A recent report from ABC 27 asks: “Will lawmakers stick with new education funding formula next year?” At issue is whether Pennsylvania’s student-based formula will be retained in future state budgets. The ABC story raises an important concern—but it slightly misses the mark.
Here’s the question we should be asking: Will lawmakers stick with the new formula and ensure the formula is applied to all funding above 2014-15 levels?
The 2015-16 budget includes $150 million in new Basic Education spending. This funding will be dispersed to school districts based on a formula that accounts for enrollment—which is undeniably a positive step forward.
But the formula only applies to 3 percent of Basic Education funding, the largest line item in the education budget.
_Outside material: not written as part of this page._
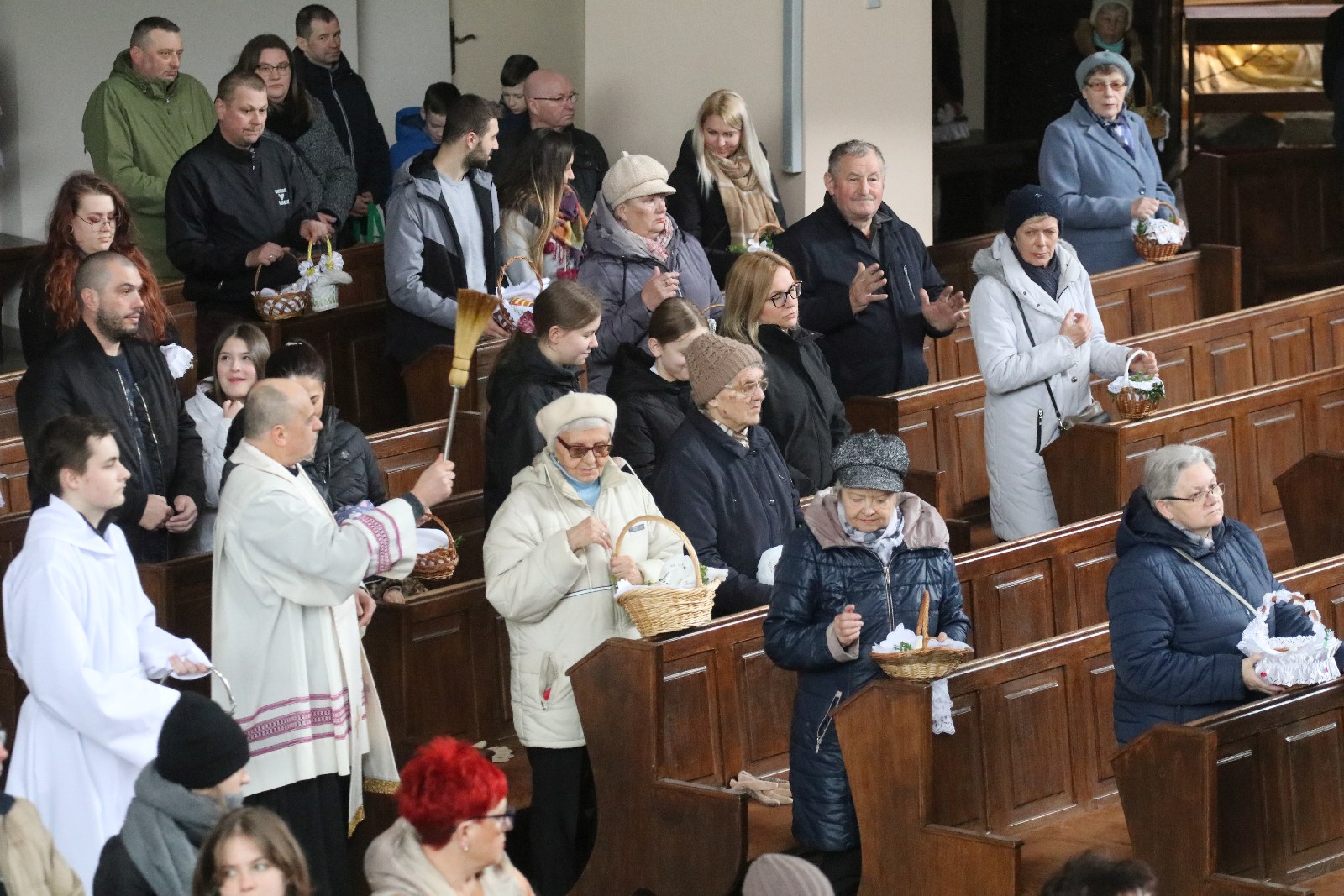 Wielka Sobota. Wierni święcili pokarmy na stół wielaknocny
The other 97 percent is restricted by Pennsylvania’s “hold harmless” provision, which guarantees each district receive no fewer education dollars than it received the previous year—regardless of changes in enrollment.
It is crucial that lawmakers do not apply hold harmless to the $150 million appropriated in 2015-16. Should the legislature increase Basic Education funding in 2016-17, the new formula should apply to all funding above 2014-15 levels, not merely the increase appropriated in 2016-17.
Thanks to hold harmless, districts with declining enrollment received more than three times the state funding per student than growing districts since 1996. Until the student-based formula is applied to a larger portion of the Basic Education line item, hundreds of school districts will continue to be treated unfairly.